Mathematically, fractals can be constructed iteratively using the so-called iterated function systems (IFSs). An IFS is a finite set of contraction mappings \(\{f_{i}\}_{i = 1}^{N}\) on a complete metric space X (Barnsley 2014). Starting from an initial set \(\mathcal {P}_{0}\), the fractal can be constructed iteratively as \(\mathcal {P}_{k + 1}=\cup _{i = 1}^{N} f_{i}(\mathcal {P}_{k})\). Geometrically, the IFSs f_i can be expressed in terms of rotation, translation, scaling, and other set topological operations, such as complement, union, or intersect.

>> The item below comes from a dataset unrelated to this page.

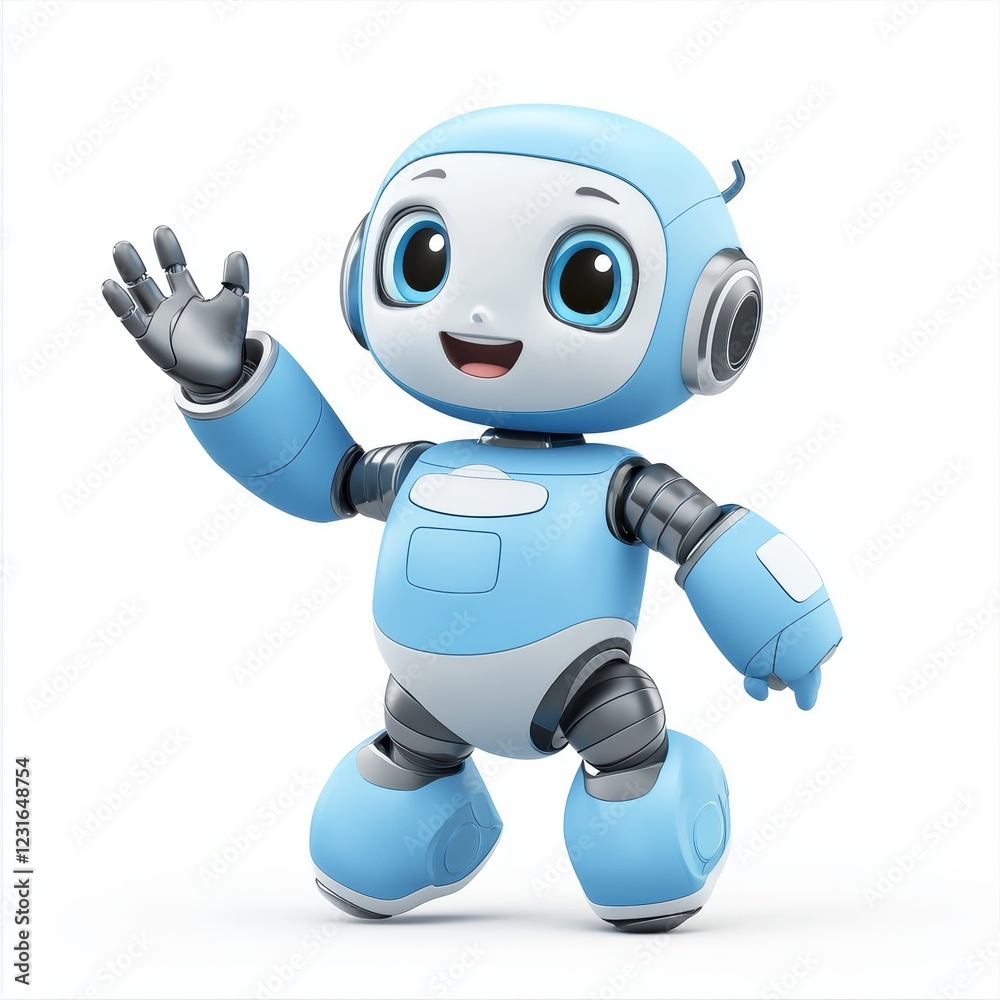 cheerful humanoid robot in pastel blue and silver, waving its hand and showing a happy expression, centered on a clean white background cheerful humanoid robot in pastel blue and silver, waving its hand and showing a happy expression, centered on a clean white background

In this example, the fractal truss structures are constructed from the 2D profiles shown in Fig. 14c. They are based on the square shape, even though in principle they can be constructed from any arbitrary polygon such as triangle and hexagon. Figure 14c presents the first three levels of IFS construction. The IFSs are inspired by the projection of Keplerian 3D fractals onto its corresponding 2D plane. Here, the IFS operators include the translation matrix T = diag {±d/2, ±d/2, 1} and the scaling matrix S = diag {1/2, 1/2, 1}. The rotation is not considered. Physically, the first four IFSs simply scale the design of previous fractal level by 1/2, and translate them to the northwest, northeast, southwest, and southeast, respectively. The fifth IFS scales the design of previous fractal level by one half and deletes other features that overlap within the region.

Fig. 14

Truss design parameters on the unit square: a–c Iterated function systems of truss designs on unit square, levels 0–2, respectively. d Truss options on fractal level 0 unit square

Figure 14 illustrates the square basis with three design options: (1) diagonal truss, (2) inner square truss, and (3) perpendicular truss. The diagonal truss option enables edges connecting nodes 4, 8, 12, 16, and 20 and nodes 0, 6, 12, 18, and 24. The inner square truss option enables edges connecting nodes 2, 6, 10, 15, 22, 18, 14, and 8. The perpendicular truss option enables edges connecting nodes 2, 7, 12, 17, and 22 and nodes 10, 11, 12, 13, and 14. In the example of Fig. 14c, only the inner square truss option is enabled. In the construction process, the options are enabled by setting the truss control parameters to 0 or 1, respectively. The fundamental adjacency matrix of fractal level 0 is built to indicate whether a pair of nodes are connected. With the design of level 0 unit cell, the IFSs are applied recursively to create the more complicated geometry at the desired level. Once the profile is constructed, additional offset operations are applied to generate thickness of the 2D truss elements for a full 3D structure. Figure 15a shows a complete 2D fractal face. With the square face defined, a complete 3D fractal unit cell is built with six of the faces, as shown in Fig. 15b.

Fig. 15

Design of fractal unit cube. a The 2D fractal profile with a fractal level of 2 and only inner square truss option enabled. b The unit cube is composed of six identical fractal faces, and each face is designed by truss options, thickness, and extrusion depth

5.1.2 Constitutive material model and the finite element analysis

A general anisotropic material has 21 independent elastic constants to describe the stress-strain (σ-ε) relationship. To simplify the materials constitutive model, we assume isotropic and linear elastic materials behavior at small strain regime, where σ-ε relationship for bulk material properties can be obtained via Young’s modulus E and Poisson’s ratio ν, i.e.,

$$ \sigma_{ij} = \frac{E}{1+\nu} \left( \varepsilon_{ij} + \frac{\nu}{1-2\nu} \varepsilon_{kk} \delta_{ij} \right), $$

(35)

where i and j can be either x, y, or z, and δ_ij is the Kronecker delta of i and j. The material properties E and ν, as well as material ρ, are taken as inputs to describe the linear elastic regime in the FEM simulation to obtain stress.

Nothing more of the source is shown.